(Stored data entries)
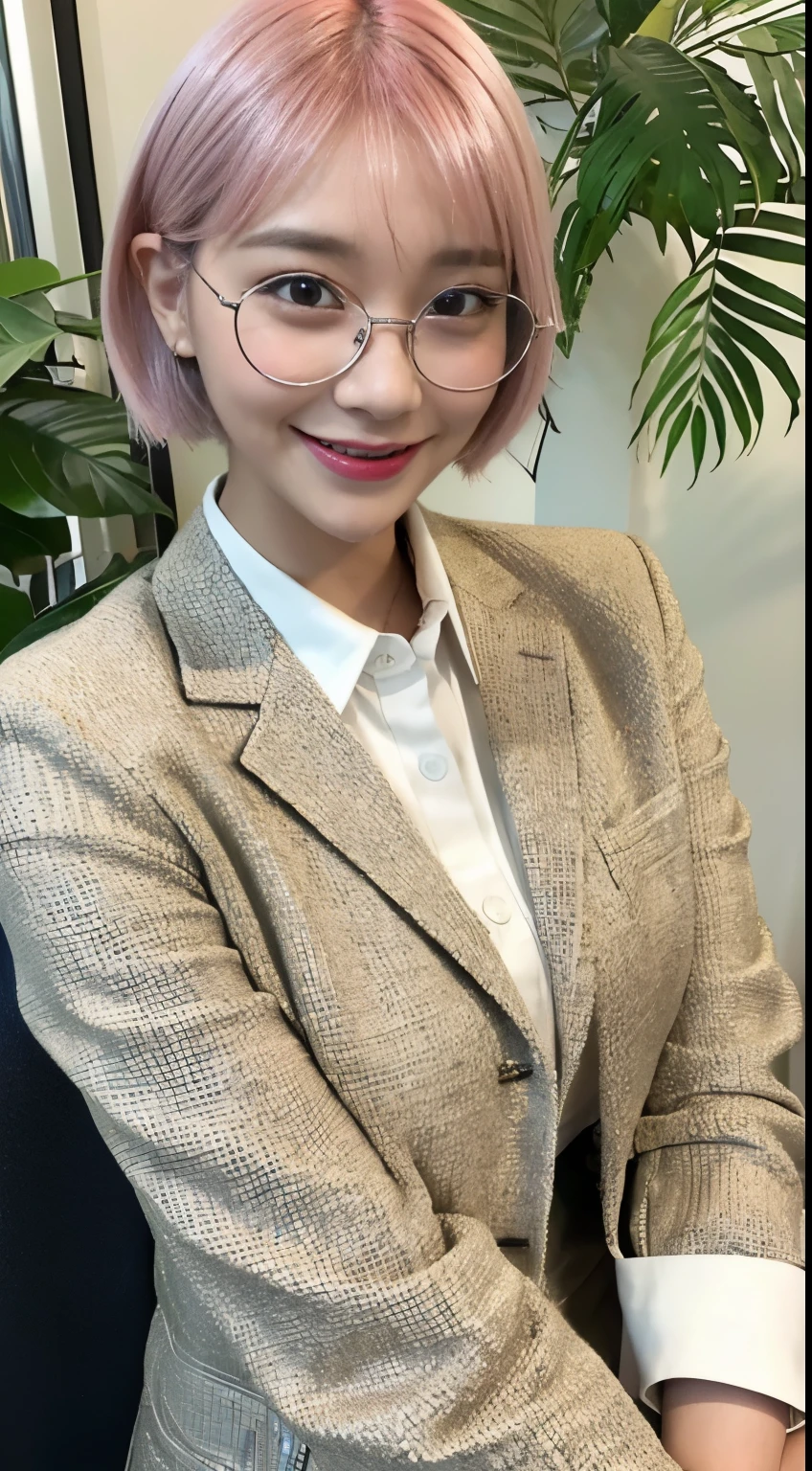 ((highest quality、8K、master pee:1.3、Being in the company、desk、computer、document、office casual uniform、accessories、Foliage plant、Thin silver-rimmed glasses、((Pink short bob hair:2、side shot))、from the knees up))、1 girl、slim beauty:1.3、super detail face、delicate eyes、double eyelid、smiling face、Full body Esbian、tanned skin、20-year-old、beaver、erotic、sensual look、stare、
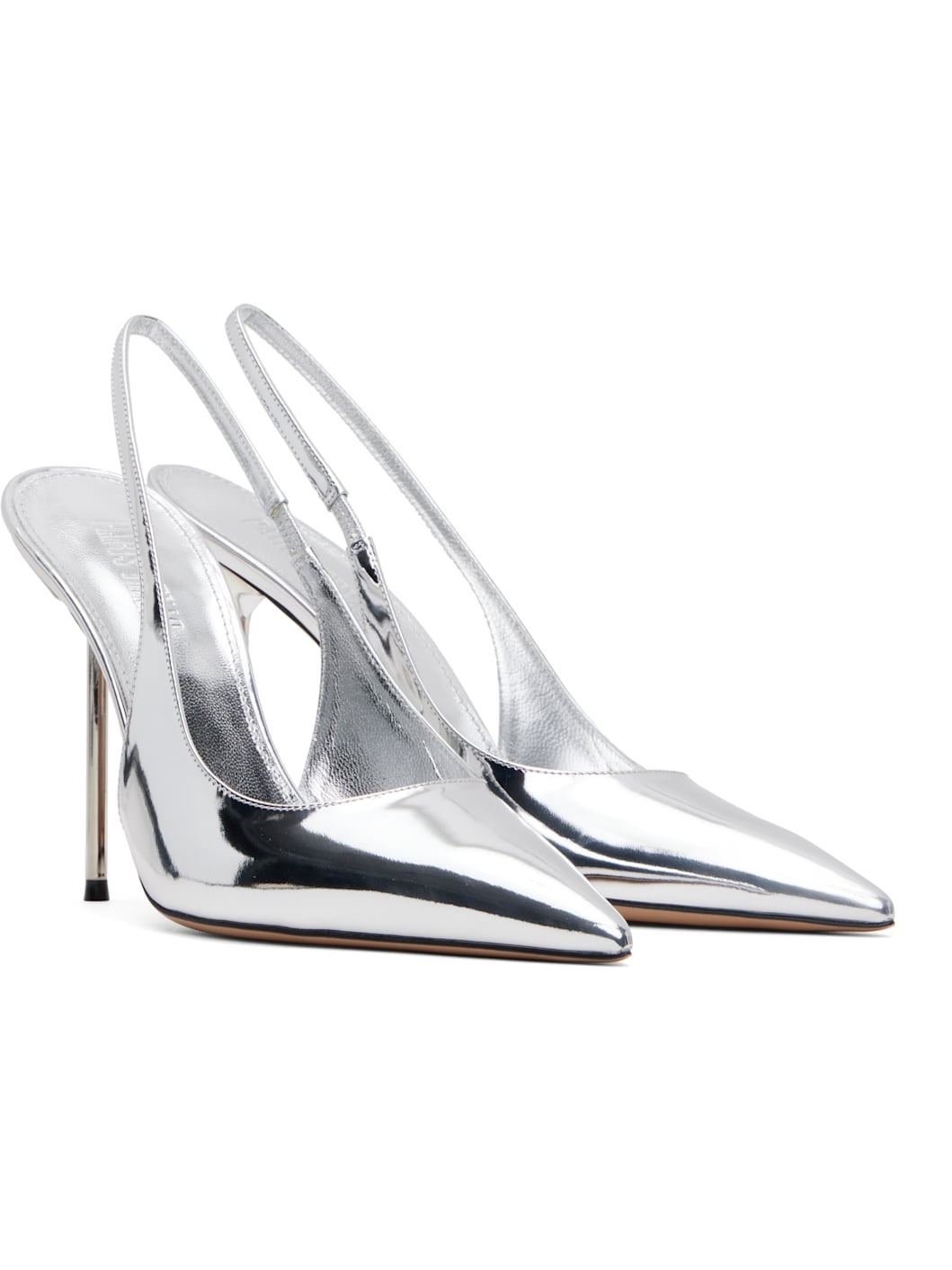 Silver Lidia Slingback Heels - 4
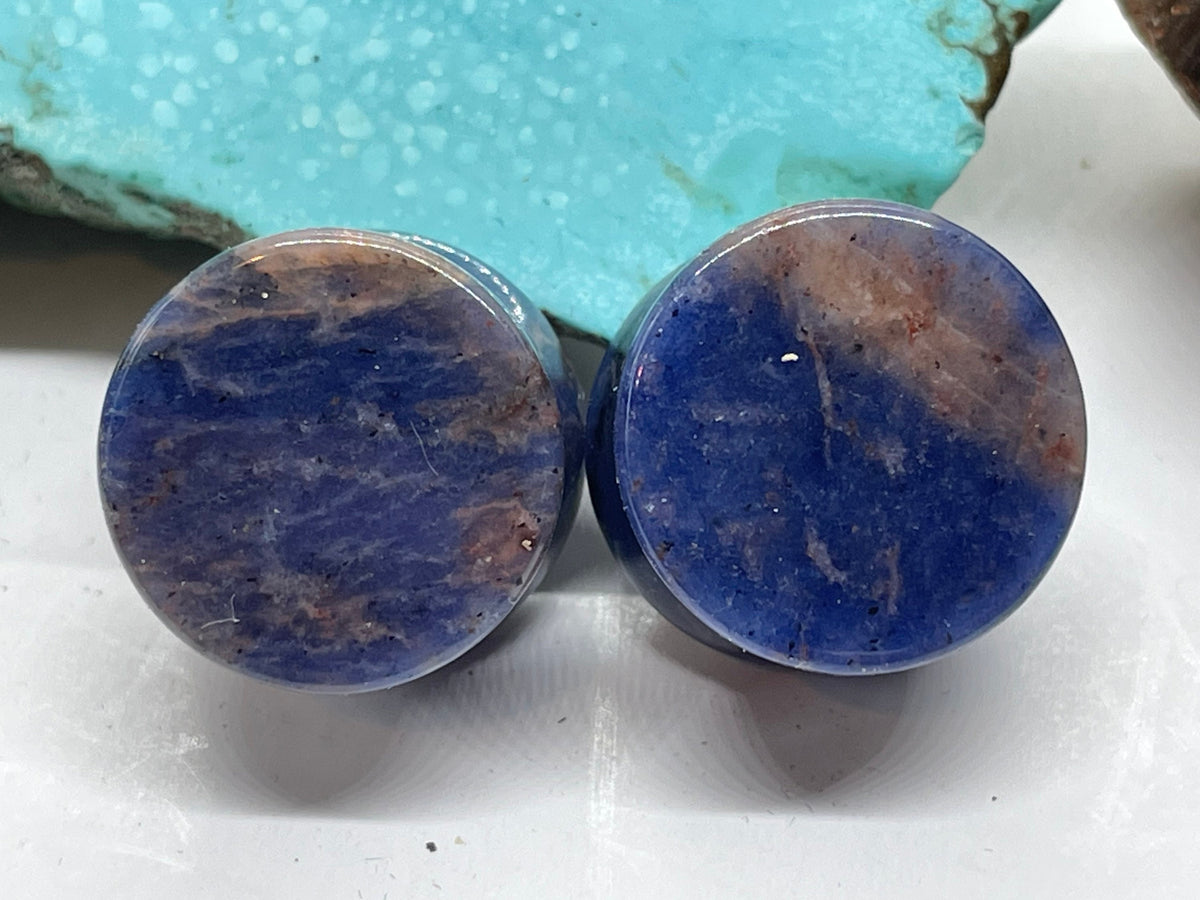 OOAK Blue Sodalite Stone Plugs – 5/8" (16mm)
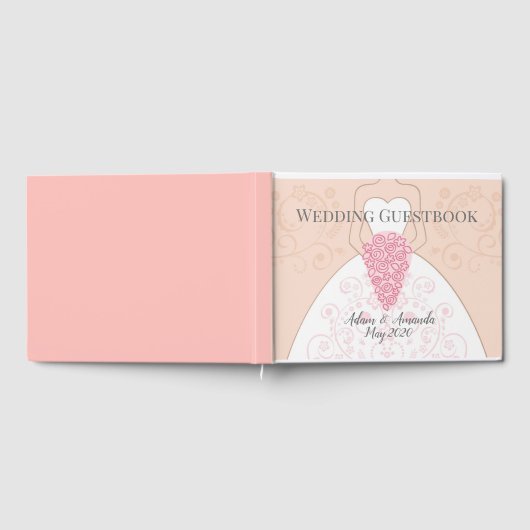 Mooie roze en witte bruidbruiloft gastenboek (Volledig)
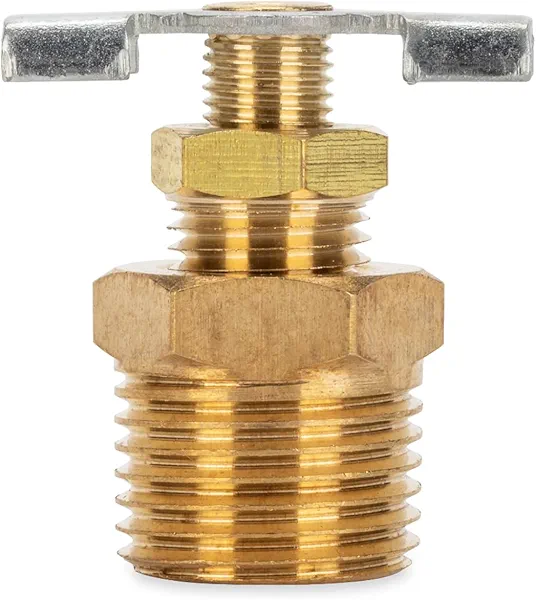 Camco ½" RV Water Heater Replacement Drain Valve - Replace Your RV Water Heater Drain Valve - Simple and Easy Installation - Durable Brass Construction - (11703)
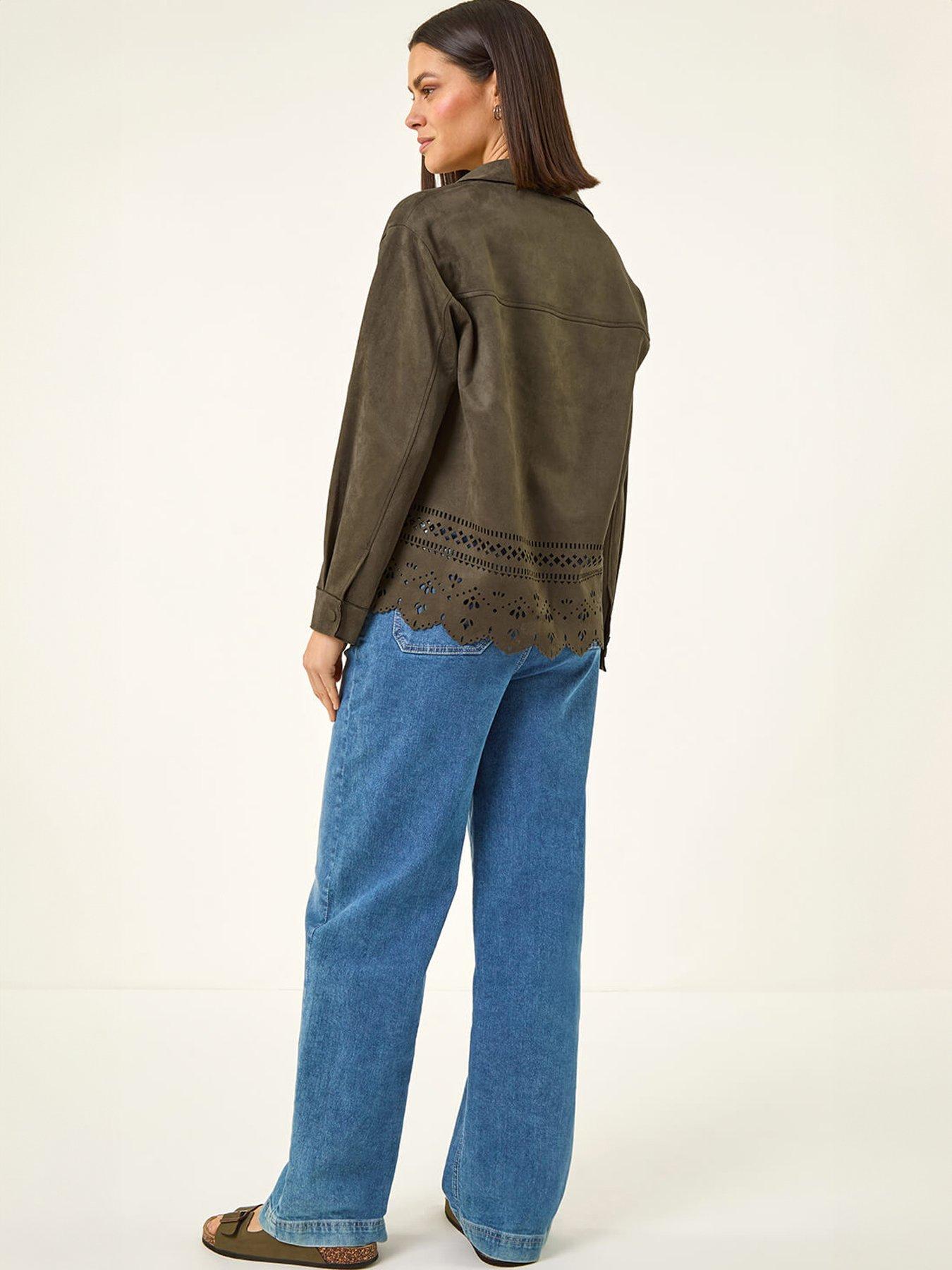 Image 2 of 5 of Roman Faux Suede Cut Out Shacket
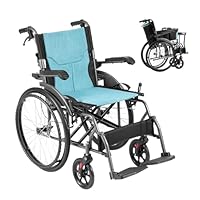 VEVOR-Rollstuhl, robustes, ultraleichtes Modell aus Aluminium, leicht zu tragen mit nach hinten klappbaren Armlehnen, 3-stufig verstellbare Fußstützen, 18-Zoll-Sitzbreite, trägt bis zu 250 Pfund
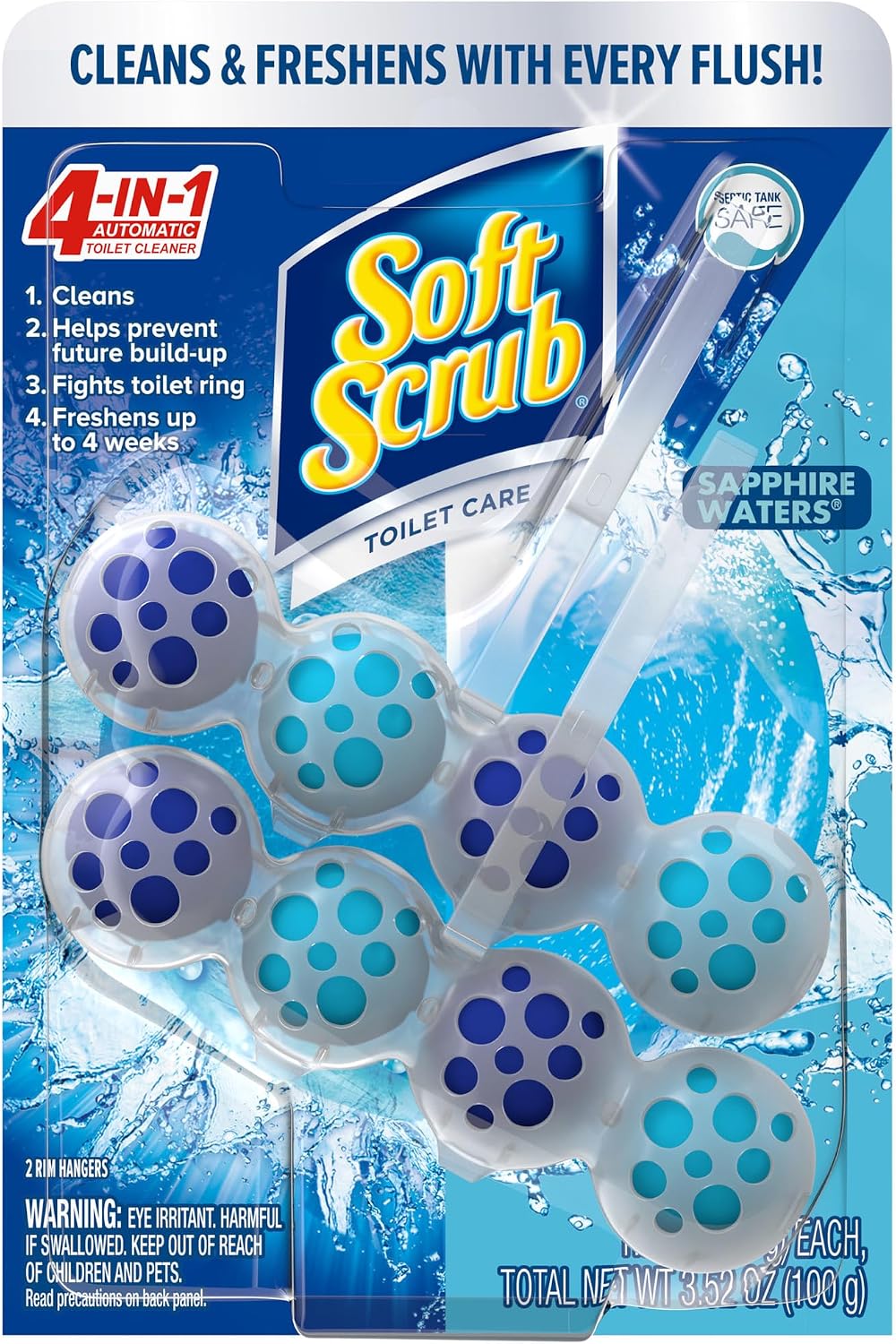4-in-1 Rim Hanger Toilet Bowl Cleaner, Lavender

◆ YOUR ASSIGNMENT: Pictures do not go in the copy; print every entry exactly as it stands.

◆ RESPONSE TO THE EXERCISE:
 ((highest quality、8K、master pee:1.3、Being in the company、desk、computer、document、office casual uniform、accessories、Foliage plant、Thin silver-rimmed glasses、((Pink short bob hair:2、side shot))、from the knees up))、1 girl、slim beauty:1.3、super detail face、delicate eyes、double eyelid、smiling face、Full body Esbian、tanned skin、20-year-old、beaver、erotic、sensual look、stare、
 Silver Lidia Slingback Heels - 4
 OOAK Blue Sodalite Stone Plugs – 5/8" (16mm)
 Mooie roze en witte bruidbruiloft gastenboek (Volledig)
 Camco ½" RV Water Heater Replacement Drain Valve - Replace Your RV Water Heater Drain Valve - Simple and Easy Installation - Durable Brass Construction - (11703)
 Image 2 of 5 of Roman Faux Suede Cut Out Shacket
 VEVOR-Rollstuhl, robustes, ultraleichtes Modell aus Aluminium, leicht zu tragen mit nach hinten klappbaren Armlehnen, 3-stufig verstellbare Fußstützen, 18-Zoll-Sitzbreite, trägt bis zu 250 Pfund
4-in-1 Rim Hanger Toilet Bowl Cleaner, Lavender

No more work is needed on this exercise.